I am not sure which I like more we have seen both here in the past Marty's Defensive teams of the 90's that could beat the average teams but not win in the playoffs because they could not stop the top teams from scoring enough to win. Then we all saw what happen to Dick's team that would score 35 points but give up 36 and lose again they could stop the average team from scoring every time but could not stop the top teams.

So I think is it time we had a good offense and a good defense and see what happens. I would settle for a great offense and a good defense.

:hyper: :owws: :schlacht: :francis::drunkhb:

chiefnut
02-06-2009, 11:09 AM
I am not sure which I like more we have seen both here in the past Marty's Defensive teams of the 90's that could beat the average teams but not win in the playoffs because they could not stop the top teams from scoring enough to win.
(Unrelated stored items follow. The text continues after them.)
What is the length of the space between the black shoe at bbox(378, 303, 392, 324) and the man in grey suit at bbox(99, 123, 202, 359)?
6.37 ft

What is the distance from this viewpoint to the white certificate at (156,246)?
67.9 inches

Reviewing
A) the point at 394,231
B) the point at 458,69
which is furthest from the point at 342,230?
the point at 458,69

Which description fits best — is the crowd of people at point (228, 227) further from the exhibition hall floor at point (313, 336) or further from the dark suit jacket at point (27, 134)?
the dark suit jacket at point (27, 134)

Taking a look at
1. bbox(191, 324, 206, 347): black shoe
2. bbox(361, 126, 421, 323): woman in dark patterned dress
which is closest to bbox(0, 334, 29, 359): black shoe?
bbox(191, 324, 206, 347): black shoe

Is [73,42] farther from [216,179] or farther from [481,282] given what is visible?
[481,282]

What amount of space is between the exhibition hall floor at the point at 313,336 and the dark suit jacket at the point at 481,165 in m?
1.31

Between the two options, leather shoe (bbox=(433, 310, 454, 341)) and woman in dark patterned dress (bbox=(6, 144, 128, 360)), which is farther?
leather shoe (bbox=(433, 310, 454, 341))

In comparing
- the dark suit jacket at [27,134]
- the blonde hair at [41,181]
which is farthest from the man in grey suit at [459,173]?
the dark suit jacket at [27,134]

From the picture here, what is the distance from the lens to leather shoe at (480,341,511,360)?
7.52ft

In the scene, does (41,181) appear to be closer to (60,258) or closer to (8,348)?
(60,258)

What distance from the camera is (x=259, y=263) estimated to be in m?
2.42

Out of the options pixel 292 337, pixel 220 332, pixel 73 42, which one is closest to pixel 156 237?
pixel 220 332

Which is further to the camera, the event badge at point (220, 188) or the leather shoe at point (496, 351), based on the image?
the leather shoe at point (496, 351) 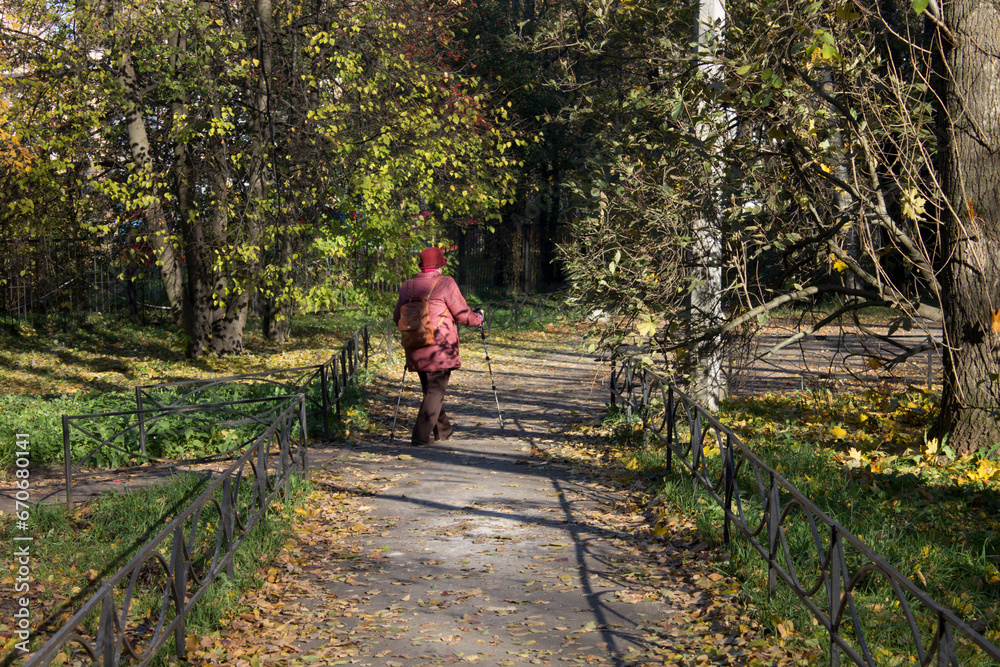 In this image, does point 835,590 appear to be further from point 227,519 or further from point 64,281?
point 64,281

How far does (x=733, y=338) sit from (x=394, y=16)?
38.7 ft

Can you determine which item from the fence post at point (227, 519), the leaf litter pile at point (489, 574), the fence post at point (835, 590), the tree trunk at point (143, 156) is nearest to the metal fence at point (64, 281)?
the tree trunk at point (143, 156)

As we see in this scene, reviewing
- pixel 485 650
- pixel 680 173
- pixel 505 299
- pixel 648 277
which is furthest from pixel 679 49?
pixel 505 299

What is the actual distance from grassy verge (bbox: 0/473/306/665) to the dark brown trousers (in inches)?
83.4

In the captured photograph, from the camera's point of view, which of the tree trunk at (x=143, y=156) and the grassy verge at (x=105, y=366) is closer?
the grassy verge at (x=105, y=366)

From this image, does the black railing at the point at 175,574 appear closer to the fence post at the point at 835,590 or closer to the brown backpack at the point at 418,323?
the brown backpack at the point at 418,323

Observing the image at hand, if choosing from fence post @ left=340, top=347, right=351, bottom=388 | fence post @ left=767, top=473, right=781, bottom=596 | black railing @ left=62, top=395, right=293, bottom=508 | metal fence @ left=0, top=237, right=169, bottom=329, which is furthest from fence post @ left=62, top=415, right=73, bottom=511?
metal fence @ left=0, top=237, right=169, bottom=329

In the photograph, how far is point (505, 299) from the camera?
28.9 m

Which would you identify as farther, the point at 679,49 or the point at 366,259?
the point at 366,259

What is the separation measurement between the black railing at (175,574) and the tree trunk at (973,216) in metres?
5.77

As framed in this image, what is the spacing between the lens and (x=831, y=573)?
4250 millimetres

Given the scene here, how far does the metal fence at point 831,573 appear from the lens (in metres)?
3.49

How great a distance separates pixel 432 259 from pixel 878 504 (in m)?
5.06

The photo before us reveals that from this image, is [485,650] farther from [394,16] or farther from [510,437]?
[394,16] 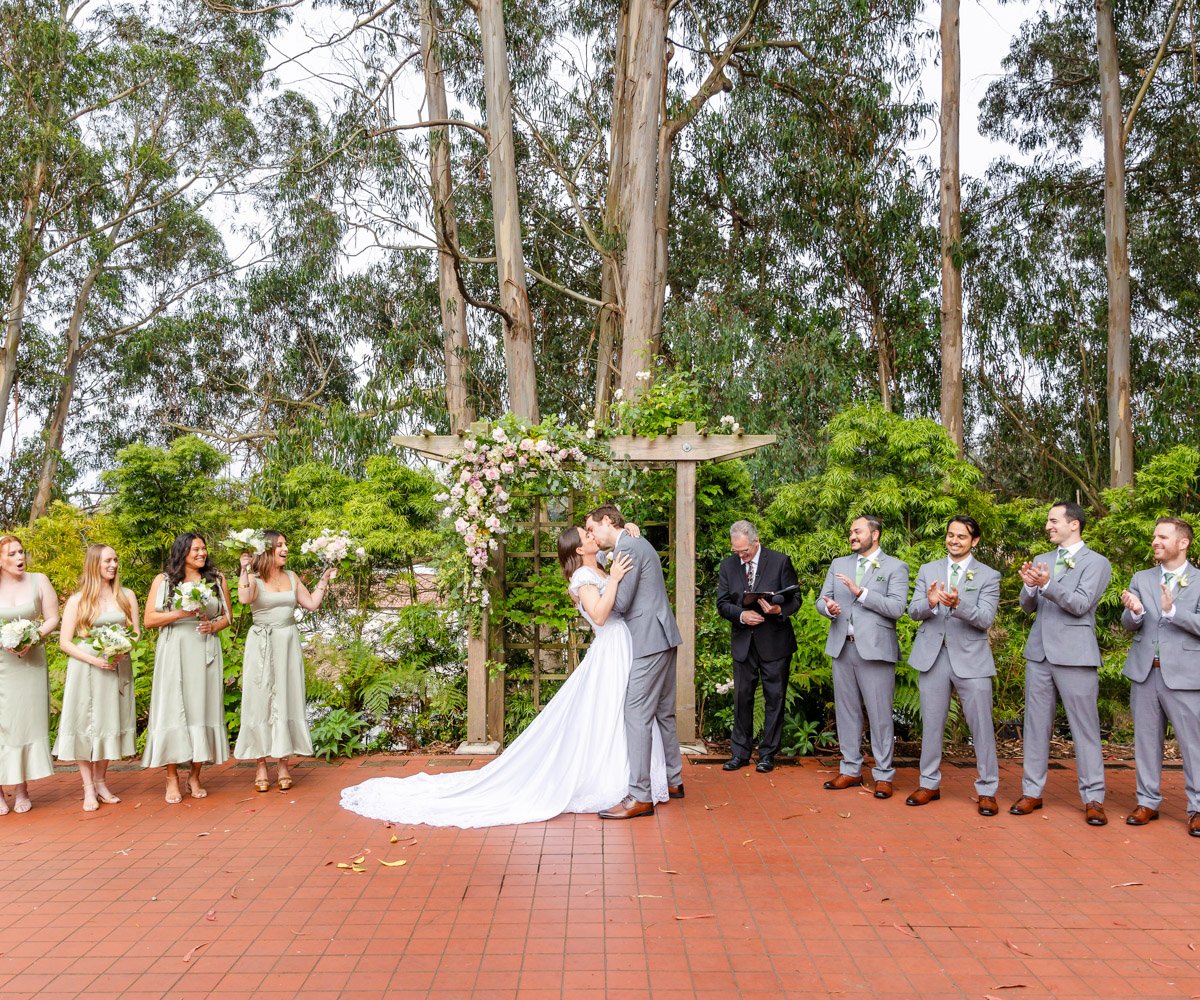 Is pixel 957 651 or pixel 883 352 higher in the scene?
pixel 883 352

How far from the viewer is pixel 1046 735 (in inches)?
225

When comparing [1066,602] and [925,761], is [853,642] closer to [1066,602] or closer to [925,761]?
[925,761]

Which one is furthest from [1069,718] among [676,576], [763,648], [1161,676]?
[676,576]

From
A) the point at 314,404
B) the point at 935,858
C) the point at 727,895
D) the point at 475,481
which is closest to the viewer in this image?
the point at 727,895

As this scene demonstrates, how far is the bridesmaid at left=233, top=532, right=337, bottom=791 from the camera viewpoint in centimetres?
620

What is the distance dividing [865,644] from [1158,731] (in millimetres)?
1643

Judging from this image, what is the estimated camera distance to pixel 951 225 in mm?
14289

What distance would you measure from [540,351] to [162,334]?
839 cm

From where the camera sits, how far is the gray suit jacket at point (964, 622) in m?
5.72

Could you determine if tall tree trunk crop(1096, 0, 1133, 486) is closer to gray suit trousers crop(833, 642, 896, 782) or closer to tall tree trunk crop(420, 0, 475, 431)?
tall tree trunk crop(420, 0, 475, 431)

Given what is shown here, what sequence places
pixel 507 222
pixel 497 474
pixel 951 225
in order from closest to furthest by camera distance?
pixel 497 474 < pixel 507 222 < pixel 951 225

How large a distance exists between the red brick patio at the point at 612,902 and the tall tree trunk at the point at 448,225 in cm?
883

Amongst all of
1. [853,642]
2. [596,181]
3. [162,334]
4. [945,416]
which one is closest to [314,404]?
[162,334]

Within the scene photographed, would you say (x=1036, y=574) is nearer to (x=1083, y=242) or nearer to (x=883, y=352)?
(x=883, y=352) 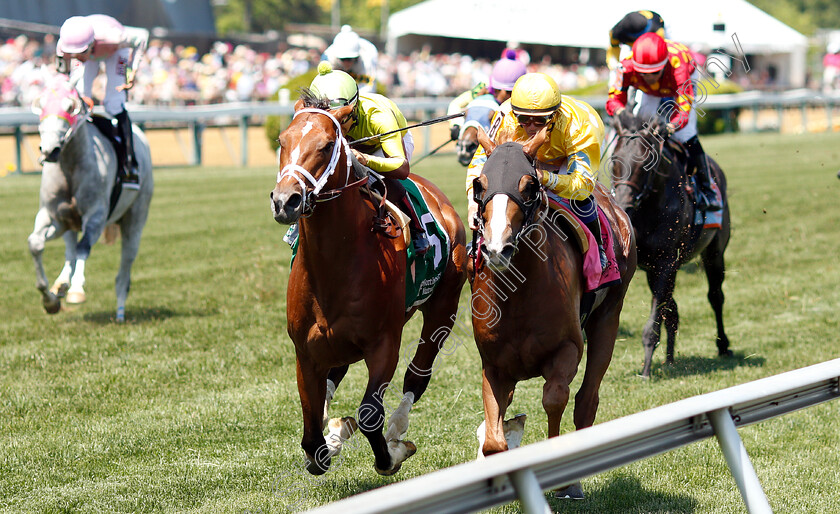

Then we all saw what happen to Dick's team that would score 35 points but give up 36 and lose again they could stop the average team from scoring every time but could not stop the top teams.

So I think is it time we had a good offense and a good defense and see what happens. I would settle for a great offense and a good defense.

:hyper: :owws: :schlacht: :francis::drunkhb:

absofreakinlutely:sign0098: :toast2:

Marty's downfall was his conservative "offense" playcalling in the playoffs, after 30 years he finally changed his ways in sandiego and his players botched it and blew the game for him, that was sad.